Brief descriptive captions
-----
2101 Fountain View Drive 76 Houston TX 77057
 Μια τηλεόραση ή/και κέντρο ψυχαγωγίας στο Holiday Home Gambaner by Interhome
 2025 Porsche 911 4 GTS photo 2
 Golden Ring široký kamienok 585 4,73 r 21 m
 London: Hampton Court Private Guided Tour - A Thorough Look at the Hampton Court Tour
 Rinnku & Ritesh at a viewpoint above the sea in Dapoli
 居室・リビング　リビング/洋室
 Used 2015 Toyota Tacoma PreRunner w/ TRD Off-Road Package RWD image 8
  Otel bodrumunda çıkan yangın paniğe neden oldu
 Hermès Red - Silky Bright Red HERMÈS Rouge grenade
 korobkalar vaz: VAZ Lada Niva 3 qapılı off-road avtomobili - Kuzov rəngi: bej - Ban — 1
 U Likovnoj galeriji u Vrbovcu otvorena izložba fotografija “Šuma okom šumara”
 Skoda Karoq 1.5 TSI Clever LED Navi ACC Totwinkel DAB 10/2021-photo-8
-----
* EXERCISE REQUIREMENTS *
Each record above is to be reproduced exactly, in full.

* OUTPUT BELOW *
2101 Fountain View Drive 76 Houston TX 77057
 Μια τηλεόραση ή/και κέντρο ψυχαγωγίας στο Holiday Home Gambaner by Interhome
 2025 Porsche 911 4 GTS photo 2
 Golden Ring široký kamienok 585 4,73 r 21 m
 London: Hampton Court Private Guided Tour - A Thorough Look at the Hampton Court Tour
 Rinnku & Ritesh at a viewpoint above the sea in Dapoli
 居室・リビング　リビング/洋室
 Used 2015 Toyota Tacoma PreRunner w/ TRD Off-Road Package RWD image 8
  Otel bodrumunda çıkan yangın paniğe neden oldu
 Hermès Red - Silky Bright Red HERMÈS Rouge grenade
 korobkalar vaz: VAZ Lada Niva 3 qapılı off-road avtomobili - Kuzov rəngi: bej - Ban — 1
 U Likovnoj galeriji u Vrbovcu otvorena izložba fotografija “Šuma okom šumara”
 Skoda Karoq 1.5 TSI Clever LED Navi ACC Totwinkel DAB 10/2021-photo-8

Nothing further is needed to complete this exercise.